Not every older Ferrari is beautiful or collectible. There is an entire run of cars in the 1970s — a not especially great era for automotive design — that we can all do without. I never found the 308/328 cars particularly attractive, although that could be based in part on Magnum P.I. snobbery, and how underpowered they were relative to their costs and other cars of the era.
One exception: Ferrari BB 512i. Made between 1976 and 1984, it replaced the gorgeous (front-engine) Daytona. It was the first in what would become a long series of mid-engine flat-12 engined Ferraris. It was the first mid-engine road-car to bear the Ferrari name and the Cavallino Rampante (prancing horse) logo. The lovely 246 GT (see this, this or this), the first mid-engined Ferrari road car, was sold under Dino name.

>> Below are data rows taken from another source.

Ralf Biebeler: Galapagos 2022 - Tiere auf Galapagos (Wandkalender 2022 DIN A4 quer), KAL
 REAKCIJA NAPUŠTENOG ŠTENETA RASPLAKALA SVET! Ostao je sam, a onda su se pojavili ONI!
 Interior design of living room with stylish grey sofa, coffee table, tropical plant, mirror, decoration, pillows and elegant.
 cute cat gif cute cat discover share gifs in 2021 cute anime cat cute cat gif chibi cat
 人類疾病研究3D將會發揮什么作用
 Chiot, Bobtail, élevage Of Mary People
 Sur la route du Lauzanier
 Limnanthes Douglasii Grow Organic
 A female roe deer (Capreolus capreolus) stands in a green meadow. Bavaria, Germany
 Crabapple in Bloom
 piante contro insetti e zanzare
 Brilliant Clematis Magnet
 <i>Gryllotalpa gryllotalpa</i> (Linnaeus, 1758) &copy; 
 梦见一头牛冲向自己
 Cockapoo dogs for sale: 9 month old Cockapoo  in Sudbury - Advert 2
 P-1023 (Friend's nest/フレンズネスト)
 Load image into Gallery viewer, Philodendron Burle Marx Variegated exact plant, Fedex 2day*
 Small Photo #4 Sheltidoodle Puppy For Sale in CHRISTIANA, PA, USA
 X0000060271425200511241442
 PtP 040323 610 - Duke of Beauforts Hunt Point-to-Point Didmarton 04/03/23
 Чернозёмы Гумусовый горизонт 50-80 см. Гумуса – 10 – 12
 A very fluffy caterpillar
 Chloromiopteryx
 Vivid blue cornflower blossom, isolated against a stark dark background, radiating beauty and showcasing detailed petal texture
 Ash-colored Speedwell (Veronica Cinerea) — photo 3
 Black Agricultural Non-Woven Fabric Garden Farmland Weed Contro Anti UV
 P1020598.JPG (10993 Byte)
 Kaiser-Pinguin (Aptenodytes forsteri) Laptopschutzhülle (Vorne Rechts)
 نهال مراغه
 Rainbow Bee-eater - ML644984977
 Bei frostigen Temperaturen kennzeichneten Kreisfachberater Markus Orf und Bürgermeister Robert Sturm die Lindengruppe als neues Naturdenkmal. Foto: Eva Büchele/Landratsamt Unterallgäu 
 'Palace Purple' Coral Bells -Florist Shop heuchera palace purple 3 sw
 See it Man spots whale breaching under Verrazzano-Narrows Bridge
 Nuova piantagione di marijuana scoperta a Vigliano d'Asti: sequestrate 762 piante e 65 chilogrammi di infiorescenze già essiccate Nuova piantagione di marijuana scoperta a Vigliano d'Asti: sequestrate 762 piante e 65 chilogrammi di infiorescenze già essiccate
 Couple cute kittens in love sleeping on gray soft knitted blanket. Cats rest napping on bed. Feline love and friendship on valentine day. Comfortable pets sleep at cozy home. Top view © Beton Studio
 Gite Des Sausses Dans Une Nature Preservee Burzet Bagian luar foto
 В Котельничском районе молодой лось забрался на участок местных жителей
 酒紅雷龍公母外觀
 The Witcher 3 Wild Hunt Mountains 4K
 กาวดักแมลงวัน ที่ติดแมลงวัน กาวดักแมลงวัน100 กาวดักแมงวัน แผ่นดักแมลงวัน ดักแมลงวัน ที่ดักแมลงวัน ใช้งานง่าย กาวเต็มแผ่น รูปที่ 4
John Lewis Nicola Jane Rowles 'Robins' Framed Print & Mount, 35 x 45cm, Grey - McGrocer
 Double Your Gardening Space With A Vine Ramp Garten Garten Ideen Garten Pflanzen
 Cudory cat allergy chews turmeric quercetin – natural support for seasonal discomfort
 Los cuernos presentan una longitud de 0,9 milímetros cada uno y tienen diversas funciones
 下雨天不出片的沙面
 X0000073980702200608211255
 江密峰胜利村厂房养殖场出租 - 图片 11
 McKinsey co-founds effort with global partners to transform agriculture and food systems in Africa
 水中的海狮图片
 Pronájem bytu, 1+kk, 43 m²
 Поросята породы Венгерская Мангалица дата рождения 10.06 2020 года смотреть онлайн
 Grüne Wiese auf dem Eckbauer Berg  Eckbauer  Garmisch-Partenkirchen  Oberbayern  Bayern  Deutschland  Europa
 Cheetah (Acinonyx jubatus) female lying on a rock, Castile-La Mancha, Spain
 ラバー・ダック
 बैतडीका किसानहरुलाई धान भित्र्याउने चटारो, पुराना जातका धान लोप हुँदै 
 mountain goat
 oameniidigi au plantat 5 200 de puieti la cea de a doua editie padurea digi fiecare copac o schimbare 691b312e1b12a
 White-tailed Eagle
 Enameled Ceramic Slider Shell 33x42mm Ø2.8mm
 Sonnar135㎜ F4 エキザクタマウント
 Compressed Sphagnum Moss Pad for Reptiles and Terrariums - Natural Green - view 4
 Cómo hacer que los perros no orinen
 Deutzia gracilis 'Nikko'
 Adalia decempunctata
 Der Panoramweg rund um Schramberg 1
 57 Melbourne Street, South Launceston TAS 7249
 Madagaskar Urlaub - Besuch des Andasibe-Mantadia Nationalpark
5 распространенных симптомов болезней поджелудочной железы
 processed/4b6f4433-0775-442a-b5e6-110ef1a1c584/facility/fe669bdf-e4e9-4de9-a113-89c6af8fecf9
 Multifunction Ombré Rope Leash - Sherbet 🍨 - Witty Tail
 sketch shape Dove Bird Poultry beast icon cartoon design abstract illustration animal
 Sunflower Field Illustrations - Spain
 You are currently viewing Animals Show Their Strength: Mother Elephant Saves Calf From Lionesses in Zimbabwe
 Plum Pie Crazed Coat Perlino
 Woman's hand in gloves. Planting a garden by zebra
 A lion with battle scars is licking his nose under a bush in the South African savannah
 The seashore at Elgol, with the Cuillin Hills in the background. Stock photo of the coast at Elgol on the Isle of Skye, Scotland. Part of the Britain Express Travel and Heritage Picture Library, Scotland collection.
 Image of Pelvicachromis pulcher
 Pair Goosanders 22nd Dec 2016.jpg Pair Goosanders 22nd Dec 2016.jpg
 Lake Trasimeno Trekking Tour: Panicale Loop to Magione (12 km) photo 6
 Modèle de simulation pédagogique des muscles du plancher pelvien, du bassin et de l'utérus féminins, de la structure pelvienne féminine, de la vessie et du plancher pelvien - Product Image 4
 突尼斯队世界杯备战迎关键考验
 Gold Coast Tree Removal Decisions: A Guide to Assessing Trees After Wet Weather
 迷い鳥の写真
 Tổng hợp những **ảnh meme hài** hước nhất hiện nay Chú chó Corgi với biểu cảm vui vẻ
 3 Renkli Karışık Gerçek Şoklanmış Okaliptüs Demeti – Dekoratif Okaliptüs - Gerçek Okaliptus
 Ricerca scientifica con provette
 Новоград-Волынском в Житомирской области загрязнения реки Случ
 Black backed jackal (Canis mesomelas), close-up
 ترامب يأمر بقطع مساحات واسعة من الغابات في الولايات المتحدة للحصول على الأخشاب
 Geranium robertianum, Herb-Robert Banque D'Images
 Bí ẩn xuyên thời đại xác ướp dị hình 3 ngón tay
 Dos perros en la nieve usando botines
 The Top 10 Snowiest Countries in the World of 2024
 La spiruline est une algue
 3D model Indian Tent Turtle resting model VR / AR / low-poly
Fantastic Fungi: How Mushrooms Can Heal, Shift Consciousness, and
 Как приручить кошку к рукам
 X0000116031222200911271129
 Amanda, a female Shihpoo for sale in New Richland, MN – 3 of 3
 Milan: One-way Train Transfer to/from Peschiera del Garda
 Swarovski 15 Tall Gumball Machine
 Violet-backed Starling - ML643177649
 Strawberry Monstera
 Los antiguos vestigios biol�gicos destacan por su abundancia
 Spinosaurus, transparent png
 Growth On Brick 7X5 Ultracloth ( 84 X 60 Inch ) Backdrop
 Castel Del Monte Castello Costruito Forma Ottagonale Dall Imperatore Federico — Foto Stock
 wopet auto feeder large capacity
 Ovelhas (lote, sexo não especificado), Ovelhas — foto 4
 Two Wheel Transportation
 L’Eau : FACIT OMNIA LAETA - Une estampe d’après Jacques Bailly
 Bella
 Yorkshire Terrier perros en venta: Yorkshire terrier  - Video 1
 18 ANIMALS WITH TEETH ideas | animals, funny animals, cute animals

The name stood for its 5 liter, 12 cylinder engine design. Like everyone else, I heard the “BB” as Berlinetta Boxer, but that apparently is incorrect. According to a Ferrari engineer, it stood for “Berlinetta Bialbero” meant dual camshaft. Internally in Modena, it was secretly referred to as “Brigitte Bardot,” perceived to be exceptionally beautiful, like the French actress — hence the initials.
1,007 examples of these fuel injected (i) were built from 1981 to 1984. They went for about $60k new, but the car was never sold new in the United States — they were imported via 3rd parties into the US. Today, these go for $200k-400k — the example picture below was bid to $218,000, (but the reserve not met.)